Someone recently wrote about a query which was doing a SELECT DISTINCT on a large number of solutions. They thought that there might be a memory leak since the JVM eventually crashed with an OutOfMemoryError. However, this is not really a memory leak. Here is what is going on:
The problem is the Java architecture for managed memory. You can read about this, and about how we fix it, here. What you need to do for this query (and others like it) is turn on the “analytic” mode for bigdata. The easiest way to do this is to check the:
option on the NanoSparqlServer’s SPARQL query form page. If you are using the NanoSparqlServer you can also specify the URL query parameter
...&analytic=true. Finally, you can enable this with a magic triple directly in the SPARQL query:
hint:Query hint:analytic "true" .
Just put that triple somewhere in the WHERE clause of the query and the query will run with the “analytic” options enabled. You do not need to declare the “hint:” prefix, but if you want to the namespace should be “http://www.bigdata.com/queryHints#”.

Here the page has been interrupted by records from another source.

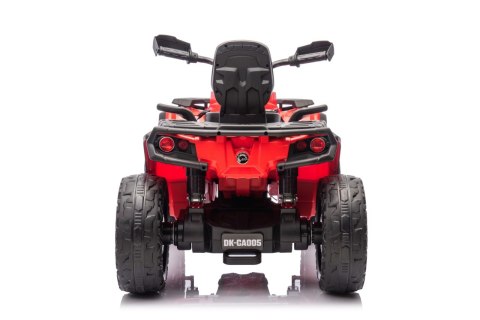 Quad Can Am Outlander ATV z Pilotem Czerwony Quad Can Am Outlander ATV z Pilotem Czerwony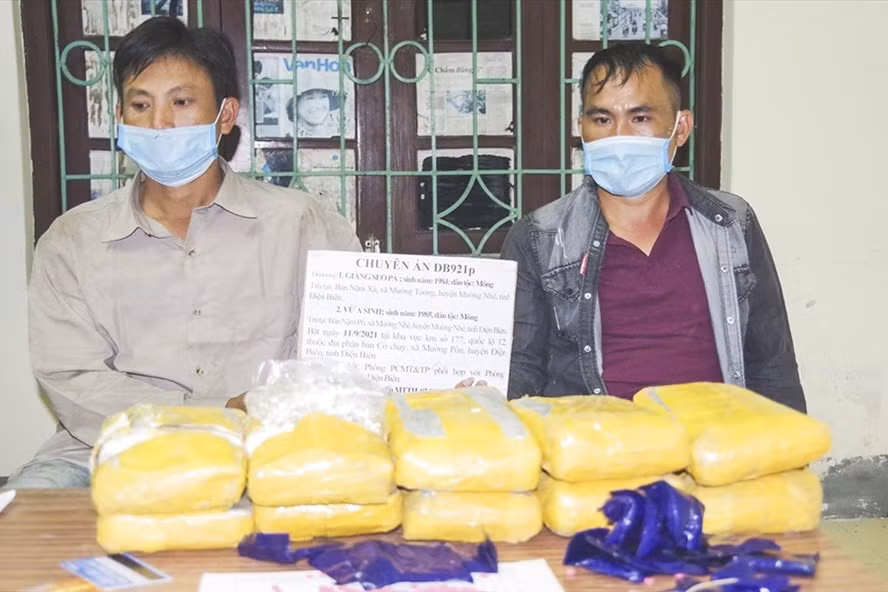 Đối tượng Giàng Seo Pà và Vừ A Sinh cùng số tang vật là 60.000 viên ma túy tổng hợp. Ảnh: Anh Dũng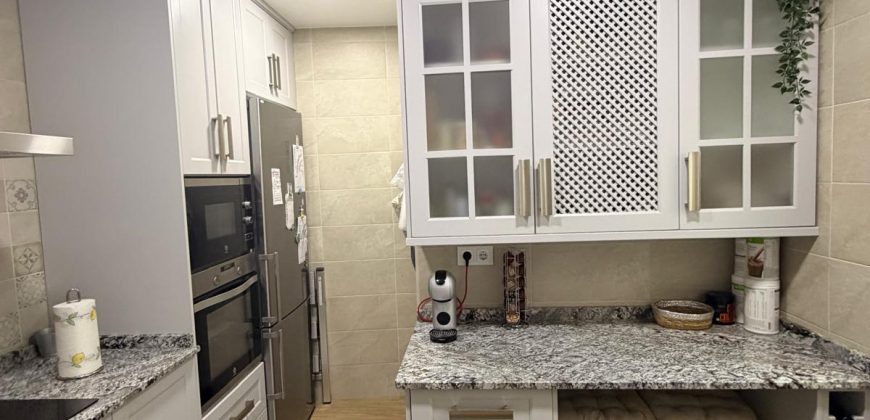 Acogedora Casa en Avenida de Pruna con Espacios Amplios y Confortables!! Morón de la Frontera.
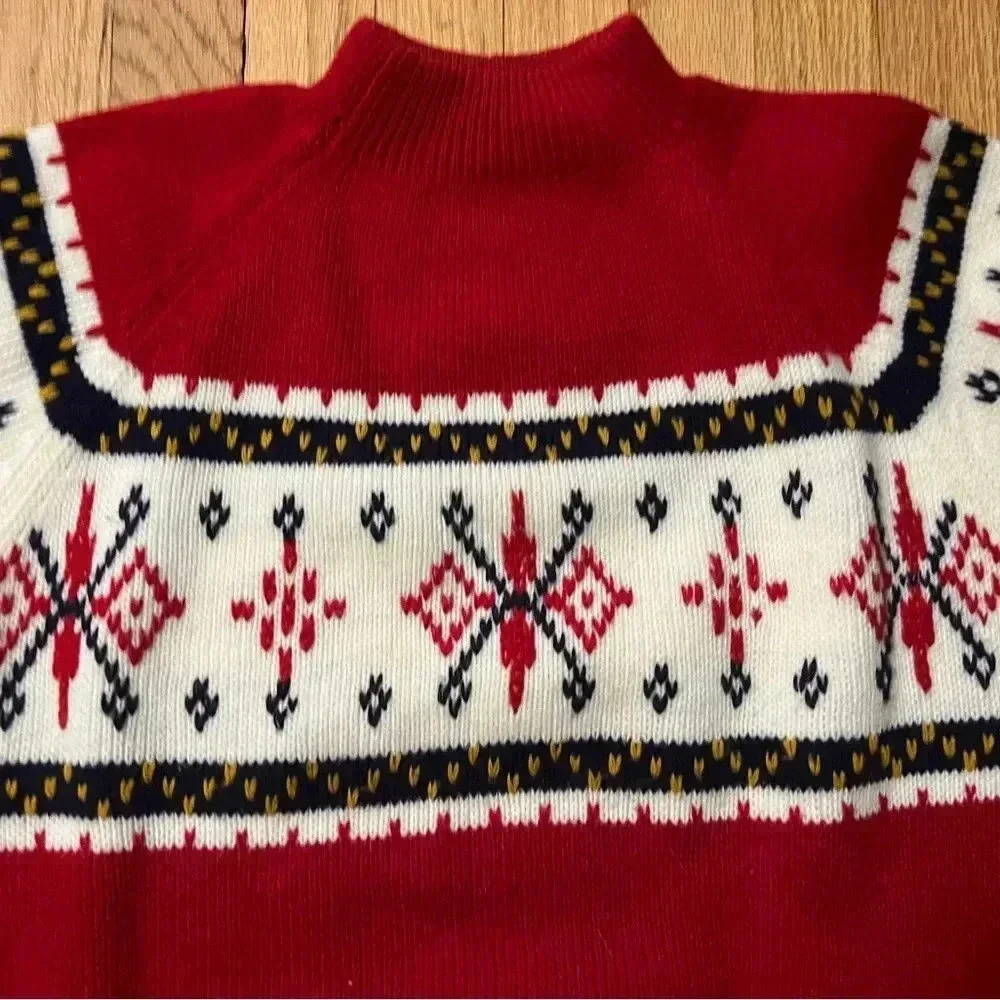 Vintage Sweater in red and white size small - Picture 6 of 9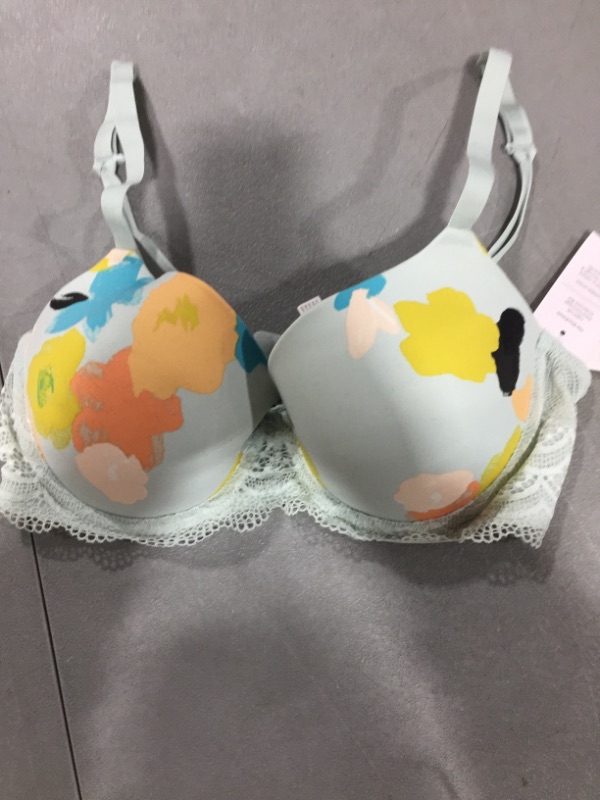 Photo 1 of BRA  SIZE 38C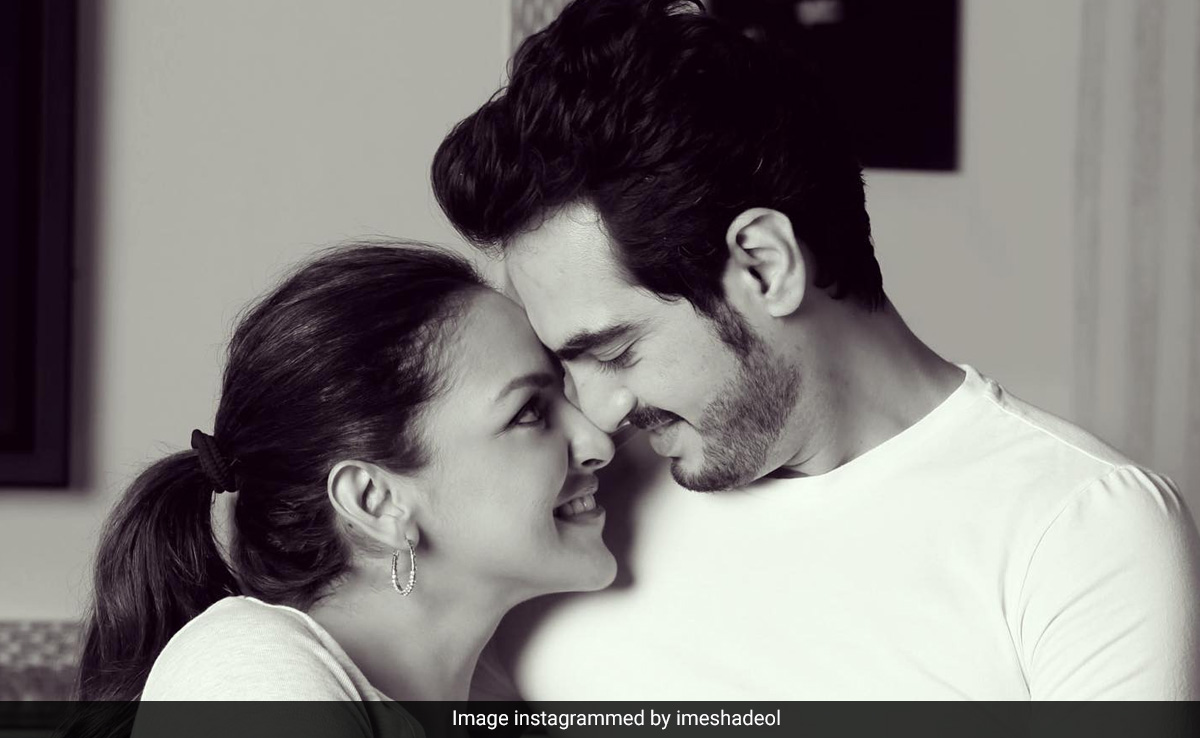After Loaded Instagram Post, Dharmendra Leaves Comment On Esha Deol's Anniversary Pic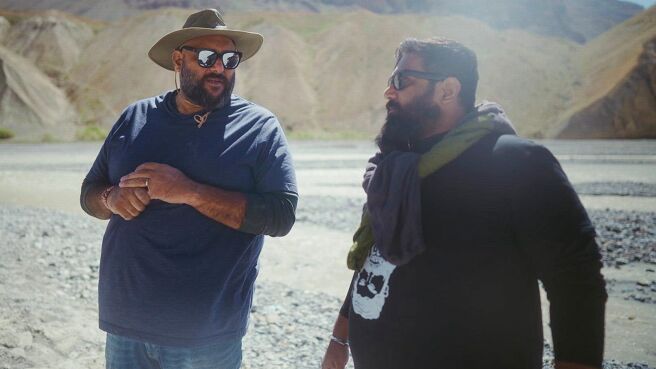 Star vs. Food: Survival season 1 episode 1 on Discovery Plus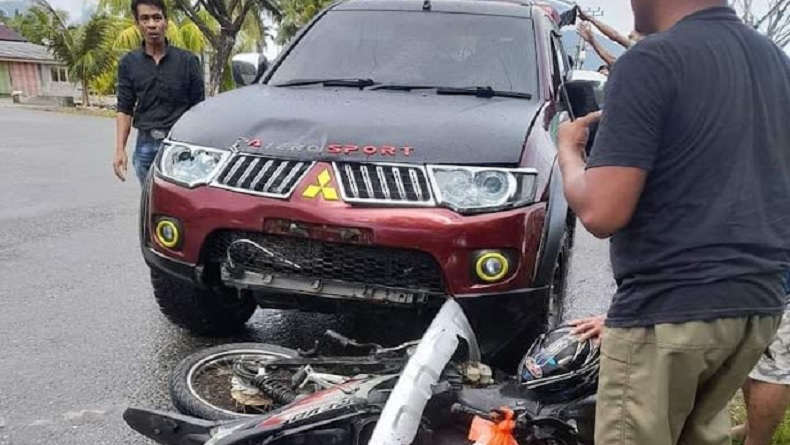 Kecelakaan di Kolaka Utara, Pajero Sport Tabrak Pengendara Motor Sekeluarga hingga Terpental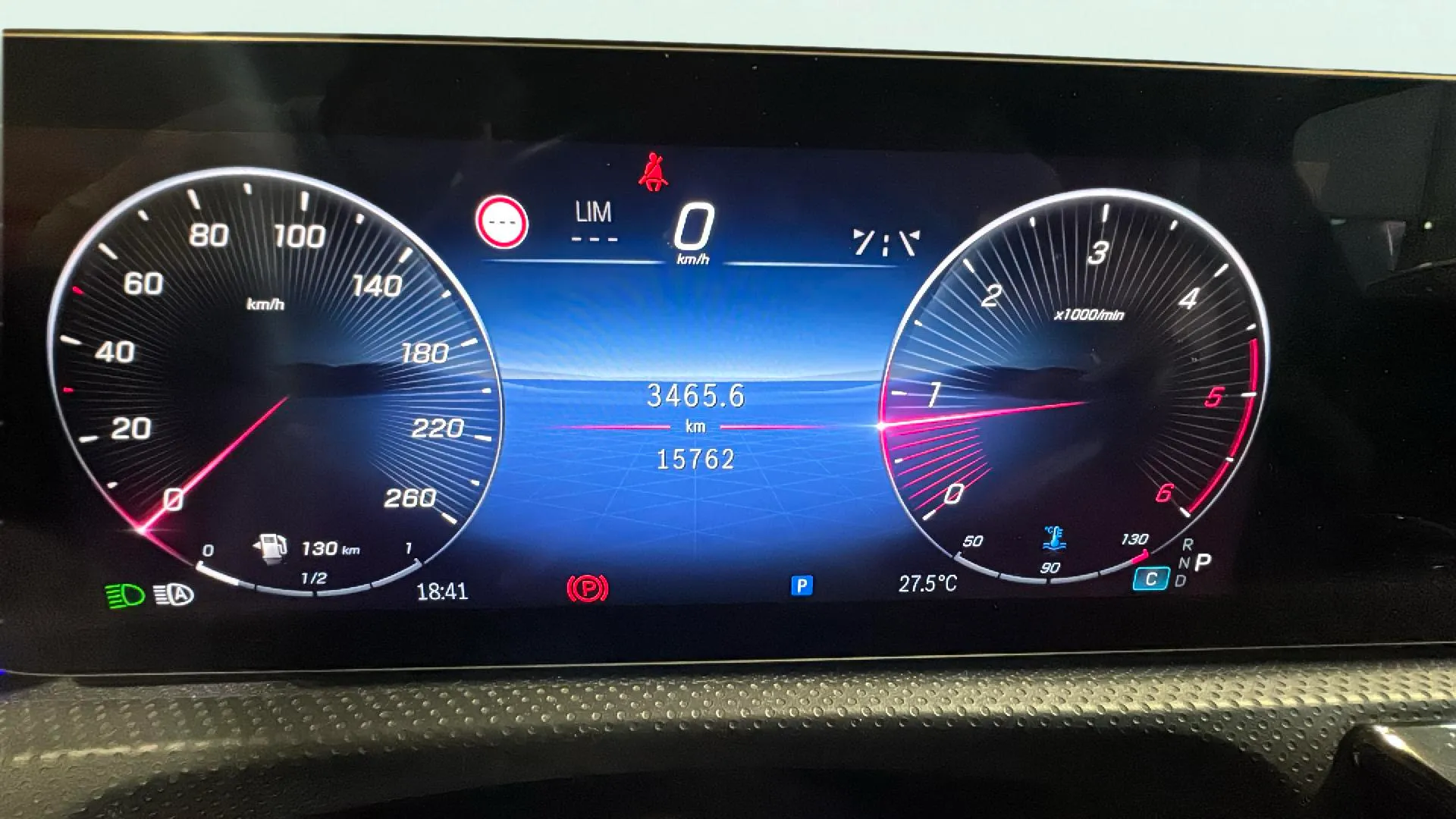 Mercedes-Benz CLA 200 D DCT - foto 14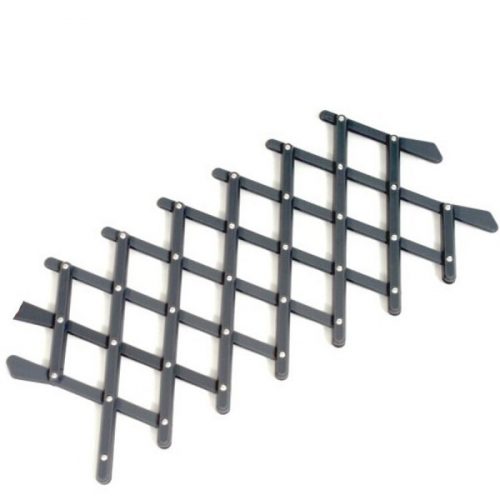 Mikki Dog Window Guard - Expandable Car Vent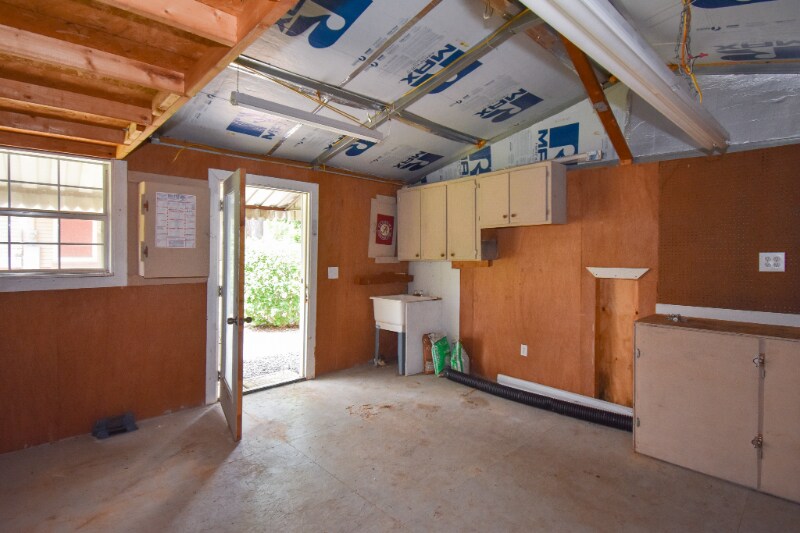 Building Photo - 109 11th Ave N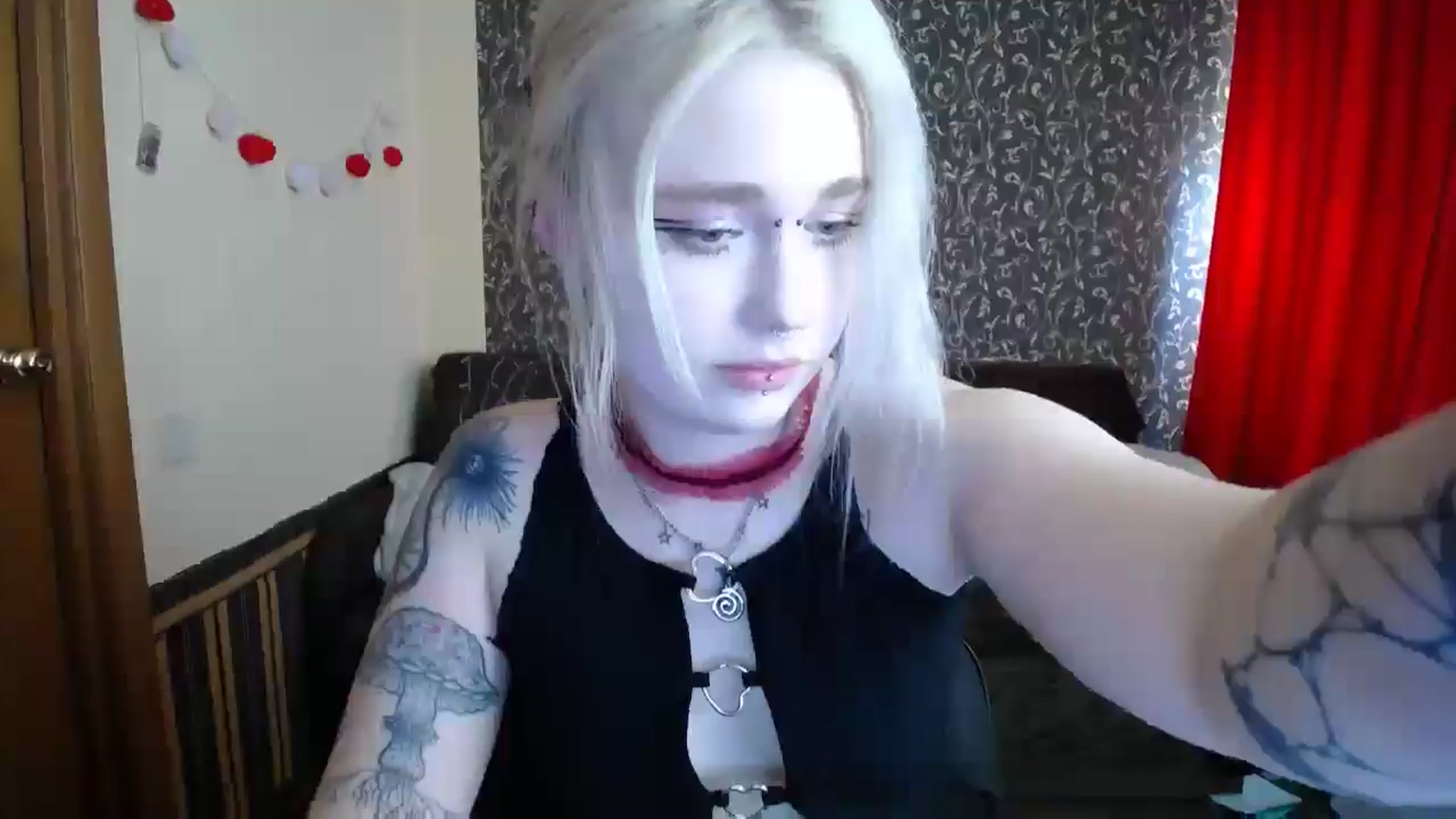 Gallery image thumbnail from Killinna's myfreecams stream on, 04/30/2025, 14:19 image 4 of 20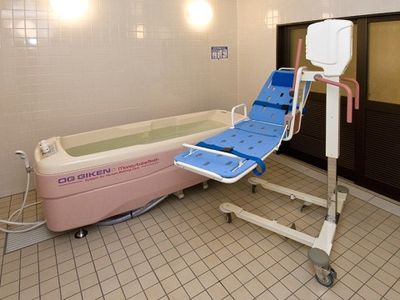 介護用リフト付き浴室設備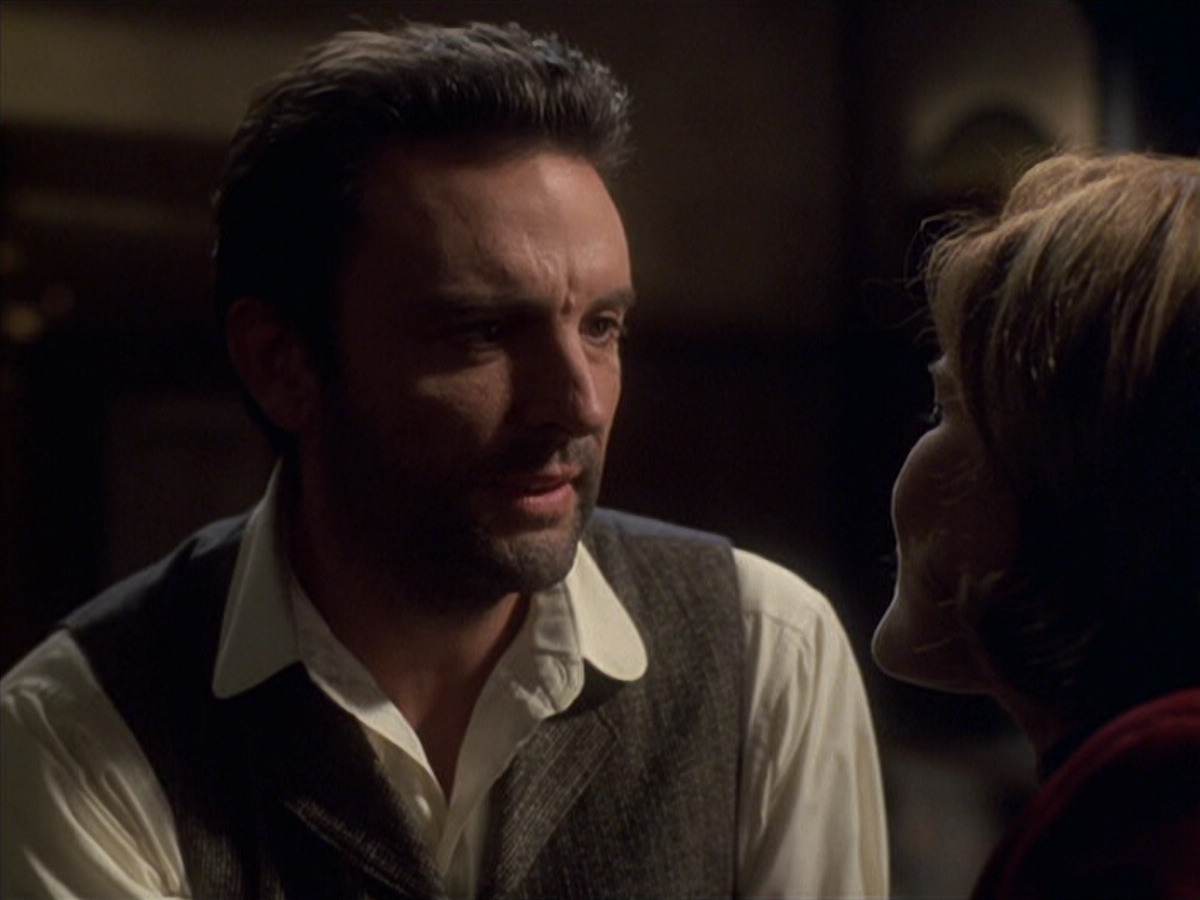 extant_StarTrek_VOY_6x11-FairHaven_01090.jpg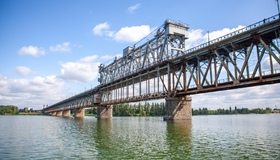 Крюківський міст закриють на ремонт через його критичний стан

What the analytic query mode will do for you is buffer the data on the native process heap rather than on the JVM object heap. This will reduce the GC overhead associated with the query to basically zero. It performs this feat entirely within Java by leveraging the java.nio package.
There are analytic and non-analytic versions of all the joins, distinct, etc. operators. The analytic versions use the MemoryManager and the HTree. The non-analytic versions use Java collection classes. The Java collection classes are somewhat faster as long as you are not materializing a lot of data on the Java object heap. For example, for the BSBM “explore” use case the Java operators are about 10% faster overall. DISTINCT is a special case. The Java version of that operator uses a ConcurrentHashMap under the covers and can give you much higher concurrency in the query. But, if you are trying to DISTINCT a large number solutions then you are going to run into trouble with the Garbage Collector.
Bottom line: if you are going to be materializing a LOT of data then you need to use the analytic operators. Those operators will scale to 4TB of RAM. If you try to materialize a lot of data on the Java object heap, you will run into heavy GC overhead and the application will slow down to a crawl and then die with “java.lang.OutOfMemoryError: GC overhead limit exceeded”.